Produced and directed by Bert I. Gordon, this was originally released in 1958 by American International Pictures, in a double-feature package with the same director's War of the Colossal Beast.

Given the RiffTrax treatment in 2014. Also, fun fact: This film played a role in the Watergate scandal, as Alfred Baldwin, a spotter for the team of burglars, got distracted watching it on TV and thus failed to notice the police arriving.

This film provides examples of:

  • Affably Evil: Mr. Franz is a kind, grandfatherly old man who never shows any true anger toward the "dolls" he's holding against their will, even when he's planning to kill them and himself. While he does have some unsettling tastes, his principal motivation for shrinking his victims is his crippling loneliness.
  • Chroma Key: It's especially noticeable when the doll maker holds a shrunken cat.
  • Covers Always Lie: The dog attacking the dolls in the poster art (and on the DVD cover) is a totally different dog from the one in the film.
  • Dirty Old Man: Mr. Franz shows a particularly creepy behavior once he shrinks his assistant Sally, and of course she wakes up naked – since the process shrunk only her, not her clothes – and he offers her an extravagant dress, from one of the dolls he ordered for her to wear instead. He also offers to "help" her change into her new dress; unsurprisingly, Sally refuses.
  • Empty Piles of Clothing: Averted, in that we never see the dolls in anything but doll sized clothes or a napkin. It's implied, as one states they saw their old clothes hung up in a closet.
  • Evil Old Folks: Zig-Zagged. Sure, Mr. Franz shrinks people against their will, but he treats them very nicely, and mostly just seems to be lonely. That is, until he decides to kill all his victims and himself.
  • The '50s: Clothing, slang, all of it is typical fifties.
  • Fourth-Date Marriage: To a ridiculous extent with Bob and Sally. He shows up trying to barge into the office one day, is obnoxious to her, then mocks her when she admits Mr. Franz is a bit scary and talks to his dolls like a real person. Bob later gives her a plain, half-assed apology...and it cuts to them on a date, no lead in, no montage of them getting to know each other. Bob randomly proposes to her and asks her to run away with him to get married in Vegas and she agrees. It's as strange as it sounds.
  • Freudian Excuse: Mr. Franz's profound need for companionship stems from the fact that his wife unexpectedly left him for an acrobat.
  • The Ghost: Franz's wife Emma, who left him to run away with an acrobat.
  • Informed Attribute: Mr. Franz's old friend Emil often describes his marionette act as one of the best in Europe, but what little is shown is downright amateurish.
  • Mood Whiplash: Before he enacts his murder-suicide plan, Franz takes his dolls to the theater and forces Sally to participate in his marionette show by having her interact with a Dr. Jekyll/Mr. Hyde puppet (she plays along so that one of the other dolls can drug Franz's coffee).
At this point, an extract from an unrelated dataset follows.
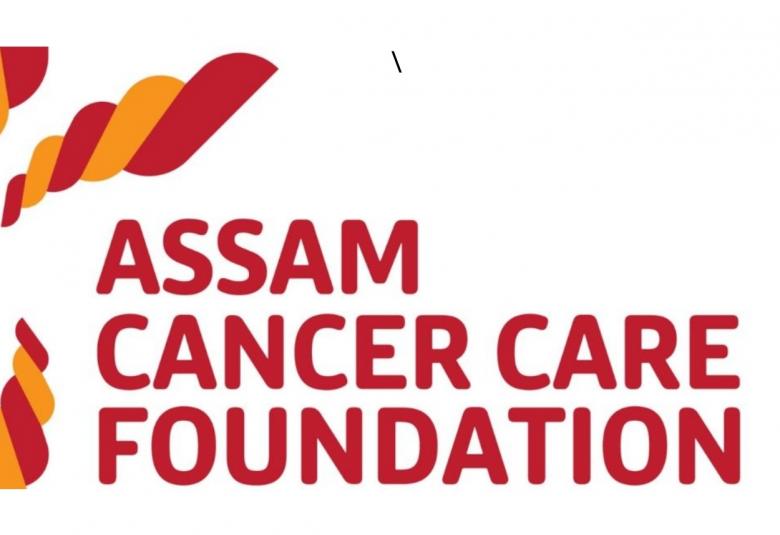 Multiple Vacancies at Assam Cancer Care Foundation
Apropos of nothing, Bob charges onto the stage and destroys the puppet of Dr. Jekyll in a fit of rage. While this does create a distraction that allows the rest of the dolls to flee before Sally and Bob do the same, there's no reason why they couldn't have kept humoring Franz until the drug took effect.
  • Never Trust a Title: The Puppet People are more like doll people. Also, they never attack anyone.
  • No Ending: Two of the "dolls" get back to normal size and leave, telling Mr. Franz they're calling the police, but we never find out what happens to the other little people, what the police do, or whether Franz goes through with his plan of killing himself instead of living the rest of his life alone.
  • No Indoor Voice: Bob is understandably freaked out to wake up the size of a doll, but he shouts at Franz in a bizarrely monotone voice before Franz explains the shrinking process and what he plans to do with them. This is even weirder since later, they attempt to call someone using the rotary phone and their voices are "too small" or quiet to be heard by a normal person on the other side of the call. Bob's shouting was very easy to hear.
  • No Peripheral Vision: The man at the theater somehow does not see the 12-inch tall people frantically waving to get his attention. The camera work is admittedly confusing, but they appear to be within his field of vision and yet he doesn't see them waving desperately at him from the open suitcase on the floor.
  • Police Are Useless: A detective is following the doll-maker, but never catches him doing anything. He never even gets past the Not Now, Kiddo subplot, even when a little girl backs up the missing character's story.
  • Puppet Shows: Franz puts on one starring the living dolls and a Jekyll & Hyde marionette.
  • Sci-Fi Writers Have No Sense of Scale: Several objects change size between when they are near Franz versus when they are near the people he's shrunk. Most bizarrely are the paint cans on the shelf where they congregate. What are they doing there? Why would Franz shrink them? And how small did he really shrink his captives? They look much smaller in some shots but then appear almost Barbie sized in others.
  • Shrink Ray: Although all the shrinking is done off screen.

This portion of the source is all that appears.